Grip Security raises $41 million in new funding round as they strengthen focus on channel strategy

Grip’s SaaS identity risk management is a hot one, which has helped their growth, as has the continued evolution of their channel-centric strategy.

Boston-headquartered Grip Security, a SaaS identity risk management with Israeli roots, has announced it is raising $41 million in Series B funding, to bring their total funding to $66 million. The new funding round was led by Third Point Ventures, with participation from YL Ventures, Intel Capital and The Syndicate Group. The two year-old company has posted strong growth to date, and while their intent had always been to evolve to a channel-centric model as Grip moved beyond their proof of concept stage, they have taken multiple measures to deliver on that and drive channel growth.

“We are seeing tremendous growth on our side because of the need for security solutions to secure SaaS,” said Lior Yaari, Grip’s CEO. “Before, everything was hosted in a corporate network. Now people consume applications by signing up on the internet. We want to be able to meet that demand, so we are taking another influx of capital.

Grip’s original Seed Round of $6 million was led by YL Ventures, which funds many Israeli startups with high growth. The A round, in which YL also participated, was $19 million and led by Intel Capital. The new round of $41 million, which brings total investment to $66 million, was led by Third Point Ventures.

“Third Point Ventures is renowned and has been been behind some multi-billion dollar companies like Sentinel One,” Yaari said.

Grip, at only two years old, is still a very young company, with bookings growth between 2022 and 2023 at over 400%.

“I’m very proud of this number,” Yaari indicated. “We want to maintain this type of rate over time.
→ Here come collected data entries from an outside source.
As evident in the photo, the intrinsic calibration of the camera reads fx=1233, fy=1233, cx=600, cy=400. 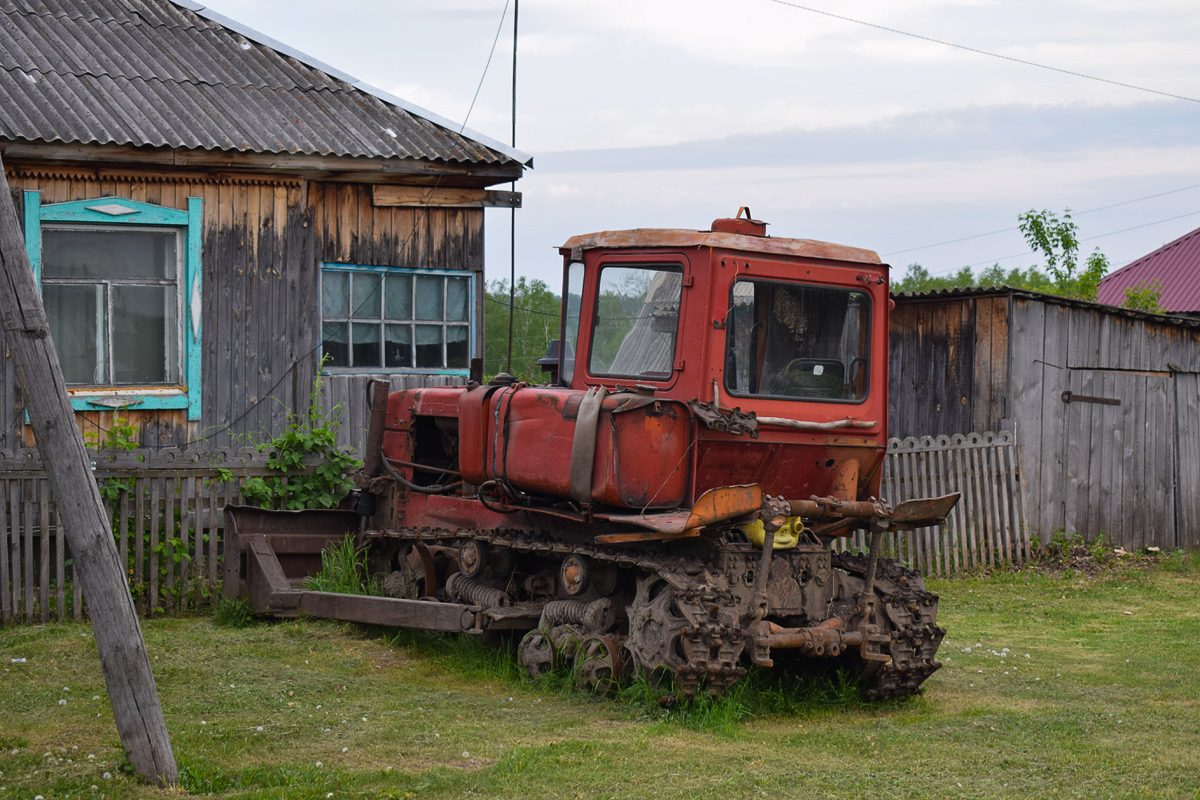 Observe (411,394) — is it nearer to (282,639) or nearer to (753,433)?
(282,639)

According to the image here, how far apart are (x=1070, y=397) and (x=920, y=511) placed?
7150 millimetres

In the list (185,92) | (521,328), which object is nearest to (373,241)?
(185,92)

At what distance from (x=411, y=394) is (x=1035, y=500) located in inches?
282

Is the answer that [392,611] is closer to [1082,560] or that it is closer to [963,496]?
[963,496]

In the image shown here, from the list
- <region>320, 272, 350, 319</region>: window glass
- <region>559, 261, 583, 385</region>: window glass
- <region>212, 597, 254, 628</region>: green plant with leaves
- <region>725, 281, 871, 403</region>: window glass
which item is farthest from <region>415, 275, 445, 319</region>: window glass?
<region>725, 281, 871, 403</region>: window glass

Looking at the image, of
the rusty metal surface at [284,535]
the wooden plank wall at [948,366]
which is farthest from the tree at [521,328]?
the rusty metal surface at [284,535]

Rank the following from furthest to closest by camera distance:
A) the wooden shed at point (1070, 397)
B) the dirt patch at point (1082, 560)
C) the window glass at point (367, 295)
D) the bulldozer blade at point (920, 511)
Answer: the wooden shed at point (1070, 397), the dirt patch at point (1082, 560), the window glass at point (367, 295), the bulldozer blade at point (920, 511)

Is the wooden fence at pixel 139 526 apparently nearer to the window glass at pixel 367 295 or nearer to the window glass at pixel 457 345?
the window glass at pixel 367 295

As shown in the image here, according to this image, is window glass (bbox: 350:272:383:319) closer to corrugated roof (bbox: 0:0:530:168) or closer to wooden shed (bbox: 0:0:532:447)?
wooden shed (bbox: 0:0:532:447)

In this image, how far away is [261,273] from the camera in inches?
432

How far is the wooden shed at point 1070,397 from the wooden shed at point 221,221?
201 inches

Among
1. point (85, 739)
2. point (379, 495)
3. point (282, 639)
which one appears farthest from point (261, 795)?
point (379, 495)

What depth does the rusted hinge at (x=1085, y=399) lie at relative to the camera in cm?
1327

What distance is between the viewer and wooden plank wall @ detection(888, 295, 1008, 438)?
13.0m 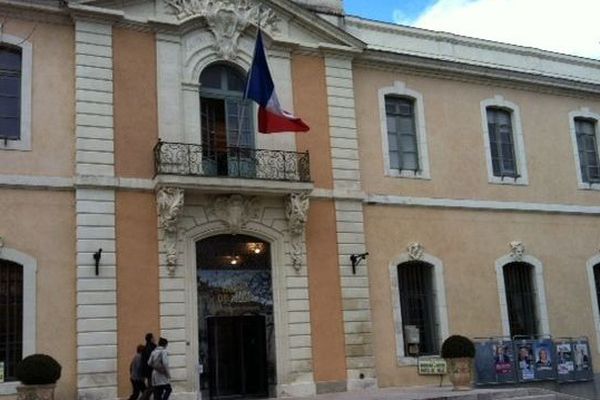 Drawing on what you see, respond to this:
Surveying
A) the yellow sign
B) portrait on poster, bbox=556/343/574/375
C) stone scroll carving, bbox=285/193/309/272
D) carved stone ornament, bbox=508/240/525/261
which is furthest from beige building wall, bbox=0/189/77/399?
portrait on poster, bbox=556/343/574/375

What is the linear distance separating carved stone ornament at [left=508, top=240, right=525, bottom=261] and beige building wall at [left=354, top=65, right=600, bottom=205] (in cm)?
123

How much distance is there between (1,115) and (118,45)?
2.85 meters

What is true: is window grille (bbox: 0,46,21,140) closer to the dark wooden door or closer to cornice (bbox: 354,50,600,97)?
the dark wooden door

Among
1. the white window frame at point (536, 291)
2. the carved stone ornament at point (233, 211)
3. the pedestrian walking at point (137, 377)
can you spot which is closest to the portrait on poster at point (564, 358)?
the white window frame at point (536, 291)

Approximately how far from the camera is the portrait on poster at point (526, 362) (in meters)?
18.2

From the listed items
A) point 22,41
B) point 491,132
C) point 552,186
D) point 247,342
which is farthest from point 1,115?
point 552,186

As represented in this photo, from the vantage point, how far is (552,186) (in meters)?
21.6

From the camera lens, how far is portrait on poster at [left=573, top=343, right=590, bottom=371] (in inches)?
Result: 751

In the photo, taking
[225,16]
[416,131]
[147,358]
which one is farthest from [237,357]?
[225,16]

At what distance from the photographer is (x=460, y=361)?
53.2 feet

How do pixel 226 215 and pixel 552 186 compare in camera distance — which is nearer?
pixel 226 215

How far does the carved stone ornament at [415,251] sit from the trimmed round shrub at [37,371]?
911cm

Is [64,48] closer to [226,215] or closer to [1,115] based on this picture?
[1,115]

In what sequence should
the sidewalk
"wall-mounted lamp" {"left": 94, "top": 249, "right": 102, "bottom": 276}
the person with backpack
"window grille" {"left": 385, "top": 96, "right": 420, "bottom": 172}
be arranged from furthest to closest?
1. "window grille" {"left": 385, "top": 96, "right": 420, "bottom": 172}
2. "wall-mounted lamp" {"left": 94, "top": 249, "right": 102, "bottom": 276}
3. the sidewalk
4. the person with backpack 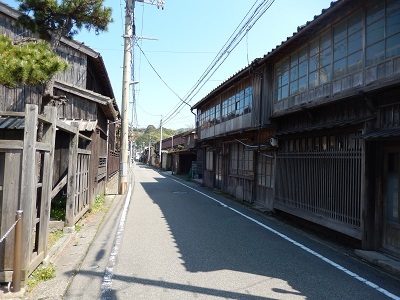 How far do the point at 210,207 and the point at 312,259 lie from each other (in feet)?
26.1

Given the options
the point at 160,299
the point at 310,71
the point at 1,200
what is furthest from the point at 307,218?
the point at 1,200

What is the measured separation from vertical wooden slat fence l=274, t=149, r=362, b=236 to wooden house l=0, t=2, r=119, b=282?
23.3 feet

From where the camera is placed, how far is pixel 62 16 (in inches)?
365

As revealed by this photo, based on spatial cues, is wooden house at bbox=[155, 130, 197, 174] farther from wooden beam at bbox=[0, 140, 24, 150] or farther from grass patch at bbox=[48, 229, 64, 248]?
wooden beam at bbox=[0, 140, 24, 150]

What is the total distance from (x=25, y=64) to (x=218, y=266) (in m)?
5.23

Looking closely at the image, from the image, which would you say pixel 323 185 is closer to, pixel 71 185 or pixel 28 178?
pixel 71 185

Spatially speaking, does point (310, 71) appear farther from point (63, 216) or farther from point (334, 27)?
point (63, 216)

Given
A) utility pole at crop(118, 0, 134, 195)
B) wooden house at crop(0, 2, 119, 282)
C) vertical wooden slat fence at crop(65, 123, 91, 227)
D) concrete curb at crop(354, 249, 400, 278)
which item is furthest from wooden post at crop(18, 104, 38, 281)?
utility pole at crop(118, 0, 134, 195)

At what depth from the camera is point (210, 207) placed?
49.3 feet

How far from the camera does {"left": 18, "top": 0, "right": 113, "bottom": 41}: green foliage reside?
29.1 feet

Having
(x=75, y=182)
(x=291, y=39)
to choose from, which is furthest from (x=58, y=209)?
(x=291, y=39)

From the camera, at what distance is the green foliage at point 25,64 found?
5828 mm

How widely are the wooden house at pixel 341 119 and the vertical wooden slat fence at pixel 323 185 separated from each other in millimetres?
26

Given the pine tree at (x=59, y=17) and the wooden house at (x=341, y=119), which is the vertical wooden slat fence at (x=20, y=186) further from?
the wooden house at (x=341, y=119) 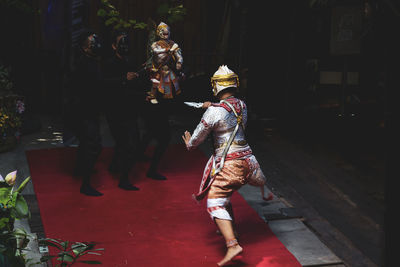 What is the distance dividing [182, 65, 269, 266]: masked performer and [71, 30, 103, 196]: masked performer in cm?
191

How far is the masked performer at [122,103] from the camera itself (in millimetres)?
7227

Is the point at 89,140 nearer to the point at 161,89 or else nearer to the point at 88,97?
the point at 88,97

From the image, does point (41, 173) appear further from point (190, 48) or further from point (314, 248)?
point (190, 48)

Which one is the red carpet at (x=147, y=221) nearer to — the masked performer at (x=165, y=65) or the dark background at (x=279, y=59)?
the masked performer at (x=165, y=65)

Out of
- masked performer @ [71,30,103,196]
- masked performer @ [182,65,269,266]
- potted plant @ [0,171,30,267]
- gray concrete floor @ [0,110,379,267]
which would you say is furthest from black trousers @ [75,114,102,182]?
potted plant @ [0,171,30,267]

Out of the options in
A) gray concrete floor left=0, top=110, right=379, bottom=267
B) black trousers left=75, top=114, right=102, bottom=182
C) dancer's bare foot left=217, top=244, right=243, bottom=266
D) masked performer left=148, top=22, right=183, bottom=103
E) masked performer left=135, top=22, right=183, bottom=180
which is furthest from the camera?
masked performer left=148, top=22, right=183, bottom=103

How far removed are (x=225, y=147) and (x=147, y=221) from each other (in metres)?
1.57

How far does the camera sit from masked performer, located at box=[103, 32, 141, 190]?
723 centimetres

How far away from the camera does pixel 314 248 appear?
589 cm

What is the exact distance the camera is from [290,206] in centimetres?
717

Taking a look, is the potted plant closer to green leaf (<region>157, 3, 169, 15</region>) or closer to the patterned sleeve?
the patterned sleeve

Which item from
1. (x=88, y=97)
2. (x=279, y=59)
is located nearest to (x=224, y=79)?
(x=88, y=97)

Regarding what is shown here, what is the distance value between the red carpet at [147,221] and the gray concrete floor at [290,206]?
166mm

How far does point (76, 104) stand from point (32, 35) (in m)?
5.48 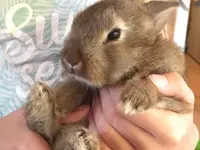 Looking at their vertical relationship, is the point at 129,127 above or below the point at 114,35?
below

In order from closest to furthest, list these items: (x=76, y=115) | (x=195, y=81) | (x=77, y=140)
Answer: (x=77, y=140), (x=76, y=115), (x=195, y=81)

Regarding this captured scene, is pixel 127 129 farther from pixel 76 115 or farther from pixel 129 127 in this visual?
pixel 76 115

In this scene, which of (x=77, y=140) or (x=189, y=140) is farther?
(x=189, y=140)

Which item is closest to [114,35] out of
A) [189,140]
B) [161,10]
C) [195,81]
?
[161,10]

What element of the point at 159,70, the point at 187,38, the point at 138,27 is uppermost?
the point at 138,27

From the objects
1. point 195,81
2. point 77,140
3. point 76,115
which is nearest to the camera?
point 77,140

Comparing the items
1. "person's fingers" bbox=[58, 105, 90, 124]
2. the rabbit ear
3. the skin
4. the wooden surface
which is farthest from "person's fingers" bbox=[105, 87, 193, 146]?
the wooden surface

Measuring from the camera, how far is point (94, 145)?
3.38 feet

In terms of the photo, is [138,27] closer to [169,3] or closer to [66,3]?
[169,3]

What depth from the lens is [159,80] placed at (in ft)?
3.45

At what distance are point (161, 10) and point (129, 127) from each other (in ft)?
1.14

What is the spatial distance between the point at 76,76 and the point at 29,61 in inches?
11.8

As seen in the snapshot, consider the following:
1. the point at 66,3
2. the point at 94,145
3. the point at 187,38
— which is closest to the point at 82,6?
the point at 66,3

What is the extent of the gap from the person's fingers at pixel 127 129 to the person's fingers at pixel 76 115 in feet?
0.20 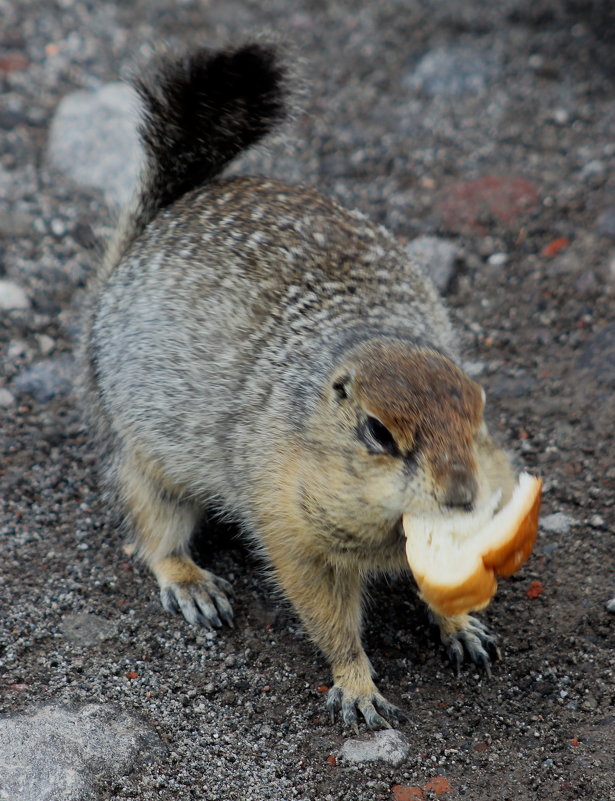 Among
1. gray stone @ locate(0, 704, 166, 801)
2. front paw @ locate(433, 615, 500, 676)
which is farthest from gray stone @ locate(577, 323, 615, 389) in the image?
gray stone @ locate(0, 704, 166, 801)

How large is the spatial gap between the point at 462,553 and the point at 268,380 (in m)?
1.21

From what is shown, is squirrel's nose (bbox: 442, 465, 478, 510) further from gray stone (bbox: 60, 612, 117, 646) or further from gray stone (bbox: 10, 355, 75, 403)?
gray stone (bbox: 10, 355, 75, 403)

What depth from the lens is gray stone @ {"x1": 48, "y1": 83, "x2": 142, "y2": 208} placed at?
6266mm

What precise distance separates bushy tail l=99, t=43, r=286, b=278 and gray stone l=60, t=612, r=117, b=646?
1809 millimetres

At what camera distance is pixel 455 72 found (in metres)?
6.97

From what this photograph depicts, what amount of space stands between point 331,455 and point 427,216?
3.11 meters

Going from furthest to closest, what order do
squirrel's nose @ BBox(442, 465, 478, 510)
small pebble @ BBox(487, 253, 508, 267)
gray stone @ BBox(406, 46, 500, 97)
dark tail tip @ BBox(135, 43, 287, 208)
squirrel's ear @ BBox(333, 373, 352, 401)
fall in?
gray stone @ BBox(406, 46, 500, 97) → small pebble @ BBox(487, 253, 508, 267) → dark tail tip @ BBox(135, 43, 287, 208) → squirrel's ear @ BBox(333, 373, 352, 401) → squirrel's nose @ BBox(442, 465, 478, 510)

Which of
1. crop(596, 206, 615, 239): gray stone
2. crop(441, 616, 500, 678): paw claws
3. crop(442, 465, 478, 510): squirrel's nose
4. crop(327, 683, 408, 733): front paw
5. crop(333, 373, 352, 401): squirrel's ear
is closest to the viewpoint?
crop(442, 465, 478, 510): squirrel's nose

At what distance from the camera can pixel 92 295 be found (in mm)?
4797

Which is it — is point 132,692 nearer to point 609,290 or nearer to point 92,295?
point 92,295

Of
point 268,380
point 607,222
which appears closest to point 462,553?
point 268,380

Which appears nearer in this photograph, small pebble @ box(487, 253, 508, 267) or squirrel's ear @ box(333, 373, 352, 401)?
squirrel's ear @ box(333, 373, 352, 401)

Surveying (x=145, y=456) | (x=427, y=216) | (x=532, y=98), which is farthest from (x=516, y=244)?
(x=145, y=456)

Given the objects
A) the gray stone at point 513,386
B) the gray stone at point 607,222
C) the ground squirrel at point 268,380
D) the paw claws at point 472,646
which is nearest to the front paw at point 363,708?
the ground squirrel at point 268,380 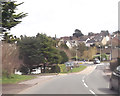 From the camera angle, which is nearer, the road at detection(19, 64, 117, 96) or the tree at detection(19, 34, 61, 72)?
the road at detection(19, 64, 117, 96)

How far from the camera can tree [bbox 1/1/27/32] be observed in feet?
57.9

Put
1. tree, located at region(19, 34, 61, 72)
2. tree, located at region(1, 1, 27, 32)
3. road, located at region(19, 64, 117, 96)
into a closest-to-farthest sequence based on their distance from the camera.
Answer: road, located at region(19, 64, 117, 96)
tree, located at region(1, 1, 27, 32)
tree, located at region(19, 34, 61, 72)

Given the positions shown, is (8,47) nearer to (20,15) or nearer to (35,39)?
(20,15)

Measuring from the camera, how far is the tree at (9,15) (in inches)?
695

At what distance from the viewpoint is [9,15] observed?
59.3 ft

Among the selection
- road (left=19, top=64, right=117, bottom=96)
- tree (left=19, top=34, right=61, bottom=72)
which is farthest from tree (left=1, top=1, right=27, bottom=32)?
tree (left=19, top=34, right=61, bottom=72)

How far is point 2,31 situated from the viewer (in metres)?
18.5

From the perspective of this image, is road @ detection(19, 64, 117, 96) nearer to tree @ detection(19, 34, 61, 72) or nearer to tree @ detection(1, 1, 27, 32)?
tree @ detection(1, 1, 27, 32)

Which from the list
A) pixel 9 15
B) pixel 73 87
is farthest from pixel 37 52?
pixel 73 87

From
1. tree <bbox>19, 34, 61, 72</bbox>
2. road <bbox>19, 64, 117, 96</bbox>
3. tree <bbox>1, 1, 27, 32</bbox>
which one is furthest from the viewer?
tree <bbox>19, 34, 61, 72</bbox>

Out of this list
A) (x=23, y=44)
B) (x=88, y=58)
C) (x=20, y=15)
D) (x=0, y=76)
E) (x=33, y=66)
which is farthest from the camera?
(x=88, y=58)

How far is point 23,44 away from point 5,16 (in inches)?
775

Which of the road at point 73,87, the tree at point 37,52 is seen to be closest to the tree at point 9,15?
the road at point 73,87

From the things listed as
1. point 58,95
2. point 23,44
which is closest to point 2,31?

We think it is very doable because we serve a need that every company in the business world needs to address.”

Yaari noted that even though Grip has an excellent track record, they still found raising money more challenging than it used to be, which has been a persistent issue for startups in today’s economy.

“Even with the demand we have had, it hasn’t been easier to rise capital,” he said. “Market expectations are significantly higher than they were even two years ago. We do have an advantage compared to companies who don’t have the right backing or the right customers or who haven’t sold as well. This has allowed us to to upsell more and to sell faster.”

When Grip first came to market, the company was positioning itself as a CASB replacement. That has evolved, slightly, with the broader emphasis on SaaS identity risk management

“We aren’t positioning ourselves in the same way because we listen to the market,” Yaari said. “We haven’t changed because we are chasing trends. Today we position ourselves as a SaaS identity risk management tool, and CASB is now an integration partner more than a tool we are trying to replace. We are focusing on the fact that we help organizations with two big issues, SaaS and identity.”

Grip continues to sell to a broad range of customers up and downmarket.

“Grip’s biggest customer is 3000x times larger than our smallest customer,” Yaari said. “Our customers extend from the Fortune 10 to the SMB. While the company focus is on the enterprise, we want to be able to service the needs of anyone who has a SaaS challenge.”

As they have gone to market, Grip has evolved their Go-to-Market model to be completely channel-centric, while also welcoming partners as investors.

“One of the biggest changes since two years ago was that we shifted to be almost exclusively focused on the channel,” Yaari indicated. “In addition, partners have invested in the company through TSG – The Syndicate Group – an organization that helps the channel align with channel-centric startups.”

Young-Sae Song, Chief Marketing Officer at Grip

“We sell not just through the channel, but with the channel, and help them consolidate risk,” said Young-Sae Song, Chief Marketing Officer at Grip. “They build a trusted source of innovation We want to give them an opportunity to solve big problems that no one else can.

“We are looking for partners with an expertise we can invest in,” Song added, “We have about 50 that we are working with, with most being regional, some national, and some relatively small.”

“Most of our partners sell Palo Alto Networks,” he noted. “Many of them have an identity practice internally, but having this unique expertise gives an opportunity for Grip to help them. We help partners that sell standard security software become innovators. Our product is amazingly easy to deploy and is probably the only enterprise security product you can be working on in 10 minutes. We can train a partner how to work on it in an hour.”